**TASK BRIEF**
All that is wanted is the exact text of the lines below from the one with "Property photo 3 of 28 Kitchen" through the one with "1999 Mitsubishi Pajero iO", inclusive, minus any pictures.
------ AVAILABLE RECORDS
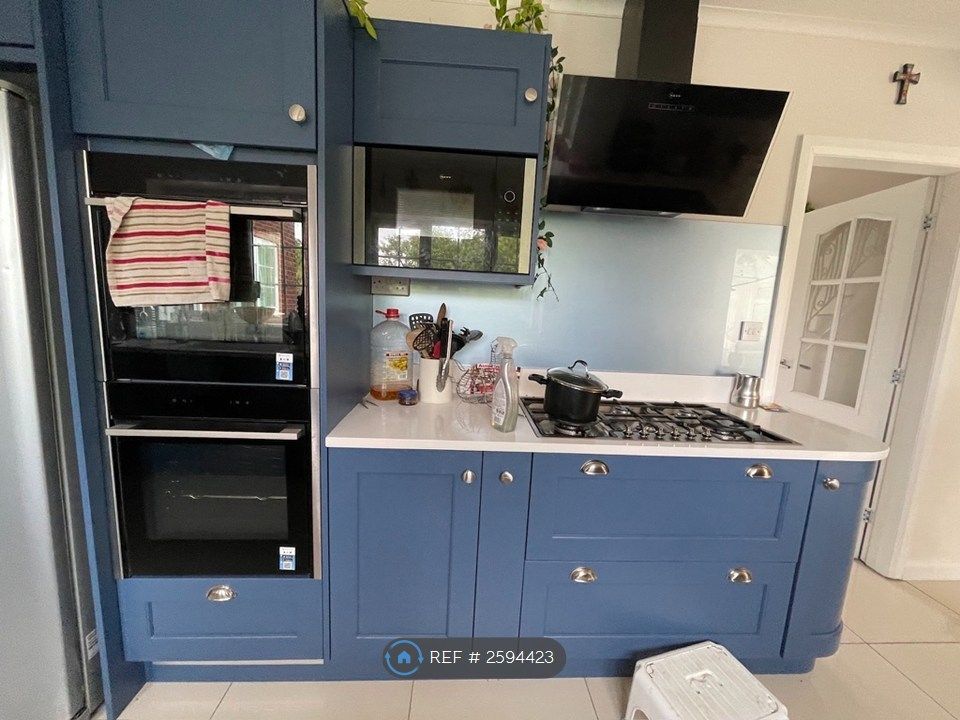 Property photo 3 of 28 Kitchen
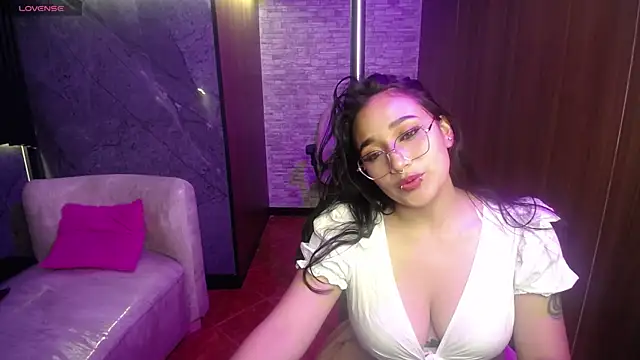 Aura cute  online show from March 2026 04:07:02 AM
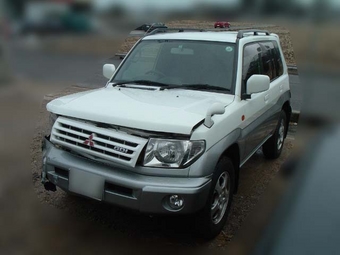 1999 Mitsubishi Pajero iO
------------
------ AVAILABLE RECORDS
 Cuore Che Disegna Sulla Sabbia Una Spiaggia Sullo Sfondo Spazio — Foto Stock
------------
**OUTPUT OF THE EXERCISE**
 Property photo 3 of 28 Kitchen
 Aura cute  online show from March 2026 04:07:02 AM
 1999 Mitsubishi Pajero iO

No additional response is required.